The US dollar is firmer against most major and emerging market currencies to pare this week’s decline. There are three notable exceptions,and they are all in Asia. For all practical purposes, the dollar is flat against the Japanese yen near JPY11.30.

The South Korean won is up almost 1% to extend this week’s pace-setting the gain to 2.65%. The dollar has fallen 7.2% against the won since it peaked at the end of last month. The Taiwanese dollar is 0.6% higher, which essentially doubles this week’s gains. 

While the generally weaker dollar has been a factor, another driver has been the foreign equity purchases. Today’s gains are negligible; the MSCI Asia-Pacific Index is up 14.8% since mid-February. Foreign investors have been significant buyers of Korean and Taiwanese shares. Both have seen around $1.2 bln in foreign equity purchases this week.

This turned the balance in Korea so that this year foreigners have been small net buyers. The turn for Taiwan came earlier.Foreigners have purchased nearly $3.2 bln Taiwanese shares this year.In comparison, foreign investors have sold $51 bln Japanese shares and $1.1 bln Indian shares this year.   

Comments by the ECB’s Draghi and Praet may have encouraged consolidation in the euro ahead of the weekend. While acknowledging limits to what monetary policy can achieve, the idea is that the ECB is prepared to do more if necessary. The wire quotes suggest an attempt to soft the claim that policy rates have bottomed.

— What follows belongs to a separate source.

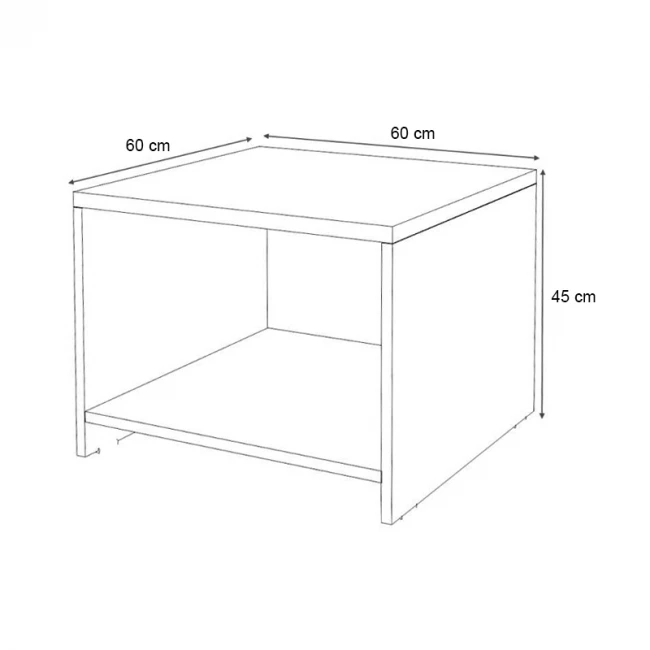 Τραπεζάκι γραφείου επαγγελματικό Venturo Megapap χρώμα ανθρακί - καρυδί 60x60x45εκ.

Recall it was that comment by Draghi during his press conference that turned euro (and other markets) around, sending it higher. 

Add a less aggressive trajectory of the Fed’s dot plot and you have the euro testing the February high near $1.1375. To be anything of note, the euro needs to fall back below $1.1235, and ideally $1.1200. The US 2-year premium over Germany has fallen 10 bp this week to 1.32%.